I'm trying to find if there is any conditional dependence within 2 different DNA sequences in R
This is my code, however i'm getting an error;
Error in `[.data.frame`(data, i) : undefined columns selected
I'm not sure where the issue is, if I parentheses the data[i-1]==bases[b2]
, i just get multiple unexpected}
, which is the only thing I can think else to do.

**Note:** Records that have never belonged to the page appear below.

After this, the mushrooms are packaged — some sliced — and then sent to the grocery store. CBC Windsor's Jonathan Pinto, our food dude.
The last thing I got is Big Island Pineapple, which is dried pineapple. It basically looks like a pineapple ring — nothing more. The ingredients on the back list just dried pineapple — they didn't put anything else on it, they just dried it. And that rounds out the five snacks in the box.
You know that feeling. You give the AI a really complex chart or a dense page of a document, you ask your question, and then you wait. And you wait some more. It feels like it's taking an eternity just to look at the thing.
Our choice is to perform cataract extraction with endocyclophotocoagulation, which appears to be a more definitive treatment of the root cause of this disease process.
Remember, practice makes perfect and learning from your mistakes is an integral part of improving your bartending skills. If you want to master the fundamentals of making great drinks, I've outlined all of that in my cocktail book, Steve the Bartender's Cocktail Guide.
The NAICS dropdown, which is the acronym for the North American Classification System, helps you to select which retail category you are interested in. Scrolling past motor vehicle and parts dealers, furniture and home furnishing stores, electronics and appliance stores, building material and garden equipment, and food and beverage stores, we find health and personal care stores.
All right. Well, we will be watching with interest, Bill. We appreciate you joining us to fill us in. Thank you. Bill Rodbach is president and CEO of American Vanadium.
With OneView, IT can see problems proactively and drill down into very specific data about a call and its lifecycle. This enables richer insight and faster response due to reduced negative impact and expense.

for (b1 in 1:length(bases))
{
for (b2 in 1:length(bases))
{
count = 1
for (i in 2:length(mydata1))
{
if ((mydata1[i]==bases[b1]) & mydata1[i-1]==bases[b2])
{
count = count+1
}
}
b3 = c(bases[b1], bases[b2], count)
print(b3)
}
}
_I'm expecting essentially a list of certain DNA bases, for example I see it as if the DNA sequence IS conditional upon the previous base then;.
[1] "A" "C" "002"
[1] "A" "C" "005"
[1] "A" "C" "009"
and so on, that can show me any indication as to whether a certain base has any sort of affect upon the identity of the following base, by clearly showing a condition for A to be previous to C.

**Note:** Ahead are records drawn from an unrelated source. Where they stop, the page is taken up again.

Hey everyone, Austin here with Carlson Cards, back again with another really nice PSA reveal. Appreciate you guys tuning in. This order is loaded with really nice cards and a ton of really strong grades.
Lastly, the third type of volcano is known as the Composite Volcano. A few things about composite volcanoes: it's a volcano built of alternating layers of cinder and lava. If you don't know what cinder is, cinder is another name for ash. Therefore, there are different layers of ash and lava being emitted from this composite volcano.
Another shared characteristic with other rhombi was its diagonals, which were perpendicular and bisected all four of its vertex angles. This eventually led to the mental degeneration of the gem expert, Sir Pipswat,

Ok so essentially the mydata1
(there is also mydata2
) are DNA sequences, that is to say a list of "A", "G", "C" and "T"
, each of which is 10,000 bases long.
As shown here;
V1
1 T
2 C
3 G
4 G
5 T
6 G
7 G
8 G
9 C
10 A
I'm tasked with trying to determine if the sequence has bases that are dependent on one another, so if [1] T
affects the presence of [2] C
, etc. One of the sequences is dependent, the other is not.